The Federal Reserve requires banks to keep a portion of their customer deposits on reserve. In other words, the bank cannot loan against the full $100,000 of your deposits. The reserve rate varies between 3-10%. With a 3% reserve rate, the bank is required to keep $3000 on reserve, and can loan the remaining $97,000. With a 10% reserve rate, the bank must keep $10,000 on reserve, and can loan the remaining $90,000. Let's assume that your bank has a 10% reserve rate, which means it can use $90,000 of your deposit to make loans.
So, the bank makes Loan #1 of $90,000 and keeps $10,000 on reserve. This is the critical point where the bank creates money. According to the bank's balance sheet, the $90,000 loan to the borrower is also a $90,000 asset for the bank. By its own brand of money magic, the bank has created $90,000 out of thin air.
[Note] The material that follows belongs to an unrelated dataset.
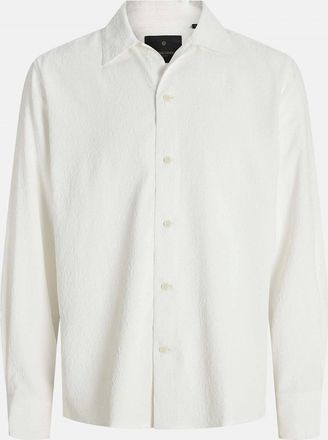Jack & Jones Jack & Jones Mens Jacquard Collared Neck Long Sleeve Shirt - White - Size: 40/Regular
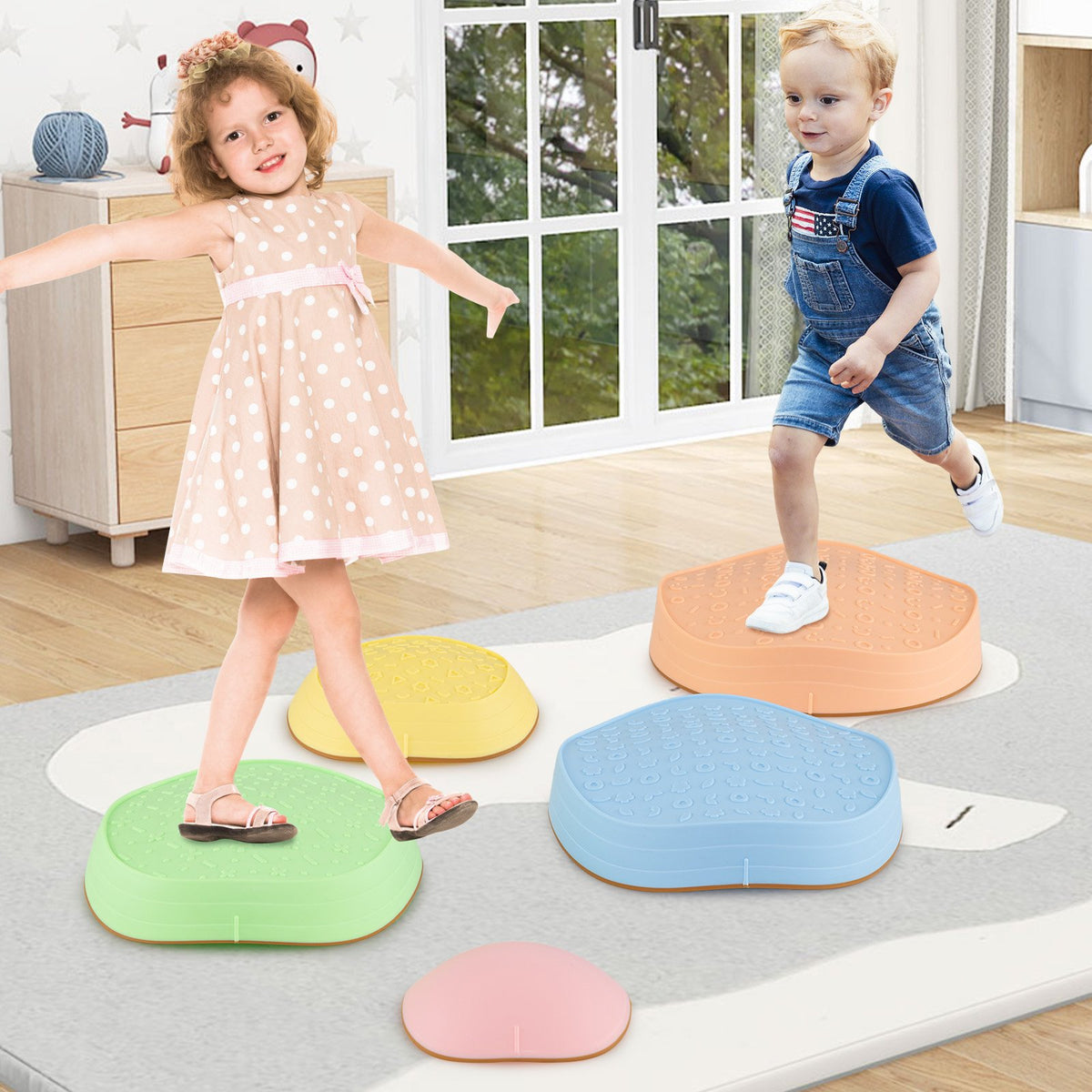 Stepping Stones for Kids 5 PCS Non-Slip Balance Stones with Storage Bag-Macaron view 2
But the process does not stop here. Since the bank now has an asset of $90,000, it can make another loan based on this asset. Since the same Federal Reserve rules apply, the bank must keep 10% of this asset on reserve. This means it can loan only 90% of the $90,000. This means that Loan #2 is $81,000. By creating another loan, the bank has created another asset. The $81,000 loan to the borrower becomes an $81,000 asset for the bank. Once again the bank creates money out of thin air.
You guessed it. The bank can use this $81,000 asset to make another loan. It keeps 10% on reserve, and makes a loan of $72,900. And once again, the loan to the borrower becomes an asset to the bank. The bank now has another asset, worth $72,900.
Federal Reserve rules allow the bank to make five to six loans based on the original $100,000 deposit. Each loan creates an additional asset. We'll stop at three loans, review the process, and add up how much money the bank has created.
You deposit $100,000 into a CD. The bank creates three loans based on the original $100,000 deposit. Loan /Asset #1 = $90,000 Loan/Asset #2 = $81,000 Loan/Asset #3 = $72,900. The total = $243,900 in assets for the bank. This is $243,900 in new money.
When you cash out your CD, you get your $100,000 deposit back, in addition to the $5,000 interest. Meanwhile, the bank has created $243,900 of new money. After it pays you 5% interest, the bank has made a tidy profit of $238,900. ($243,900 - $5,000 = $238,900.) If the numbers are confusing, go over them again until you see how magical this process is. This is how banks create money.
The process is not as linear as my example. Banks don't make a series of separate loans based on an original deposit. When you deposit your money into the bank, your money becomes part of a large pool of money, which the bank can use to make loans. But my oversimplified example shows how banks use customer deposits to make money out of thin air. You deposit money, the bank keeps some on reserve, and uses the rest to make loans. The loans become assets, and the assets become new money.
The purpose of this example is to demystify money. You and I cannot do what banks do. We can't make multiple loans based on the same money. The value of seeing how banks use customer deposits to create money is to understand how money is created.
The critical point is to see that money is not a commodity. Money is not equivalent to currency. Money is created in money-making transactions.
The crucial idea behind all of this is: The greatest limit to money is the belief that money is limited. If you want more money, adopt the money-making mindset of a banker. Ask how you can use money to create more money. If you really think the way bankers think, you will use someone else's money to create more money.